For the Bangor Mussels Producers’ Association Limited, a group which includes Bangor’s three mussel companies, the project is the latest in a longstanding research partnership with Bangor University’s School of Ocean Sciences. Joint research has provided the mussel producers with the detailed scientific and environmental evidence base to support their industry, assisting the producers to achieve the vital Marine Stewardship Council certification for the sustainability of their activities.
The project to investigate patterns of movement of shellfish larvae in the Irish Sea should help reduce the costs of locating shellfish seed which is collected and ‘re-sown’ on mudflats, and increase the volume of mussels and shellfish available to the industry.
Speaking on behalf of the group, Trevor Jones said:
“We have a valuable, nutritious, sustainable product.

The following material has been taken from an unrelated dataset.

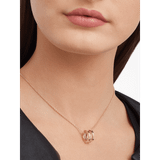  BVL B.Zero1 Necklace 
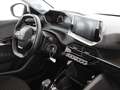Peugeot 208 1.2 PureTech 75 Active KLIMA-ANLAGE TEMPOMAT Weiß - thumbnail 11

“We currently spend a great deal of time sourcing wild mussel seed to grow on, so that we can harvest them. A better understanding of when and where the seed mussel was to be found, would increase our efficiency and sustainability.”
“Working with experts at the University and sharing best practices from Ireland will assist us to have the greatest benefit from the valuable sustainable resources that we share”

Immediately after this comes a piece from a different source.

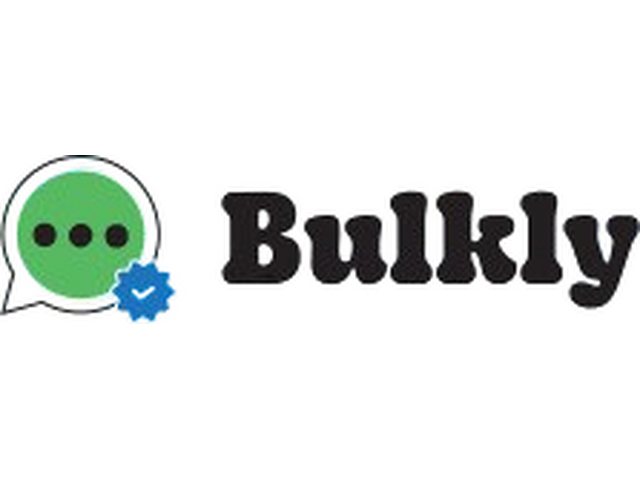 WhatsApp Bulk Messaging and Campaign Tool | Bulkly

Dr Shelagh Malham, who leads the research from the University’s School of Ocean Sciences said: “Working with our Irish counterparts gives us the opportunity to manage common valuable resources between our shores, and to improve our understanding of the processes involved.”
“When the mussels spawn, the larvae travel with the currents. Where they settle depends on the tide and the weather conditions at any given time,” she added.

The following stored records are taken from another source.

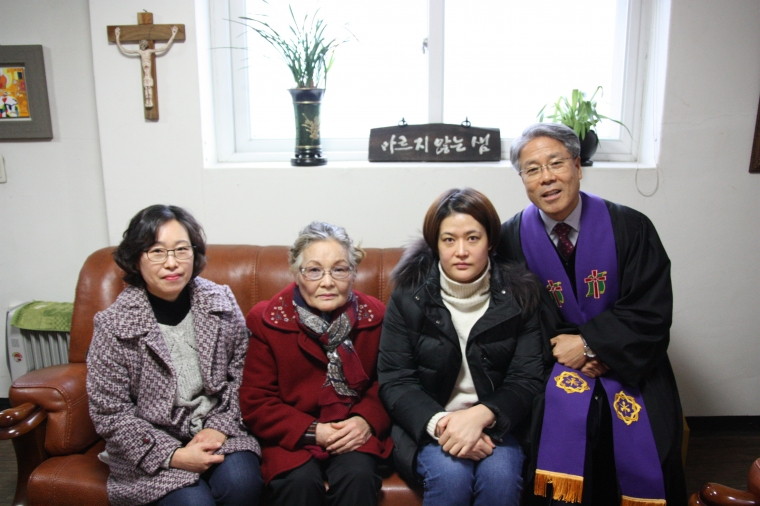 제174호 박선영 - 제174호 박선영(307구역).JPG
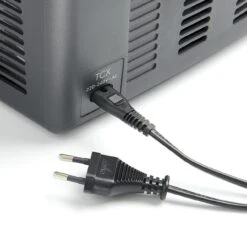 Dometic Koelbox TCX14 -Kampeeruitrusting Dometic tropicool tcx 14 koelbox 5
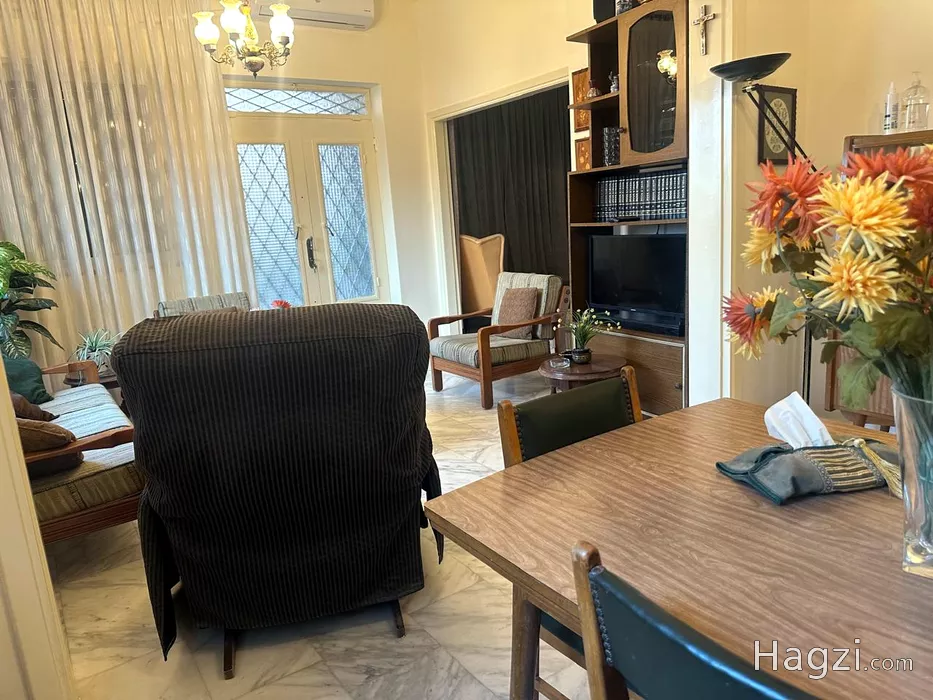 Image slider - 60100 - 9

Dr Peter Robins, a research fellow at the School of Ocean Sciences explained:
“Using supercomputers, complex models can simulate ocean circulation patterns and map where larvae spawnings will drift in the Irish Sea, according to the seasonal conditions, and share this information so that the mussel men know where and when to find these ‘seed mussels’. Feedbacks between the model outputs and fishermen’s local knowledge will give us insights as to how the larvae swim, using the currents to maximise their survival potential. We will also be investigating how well the mussels attach themselves and grow on different seabed and other surfaces.”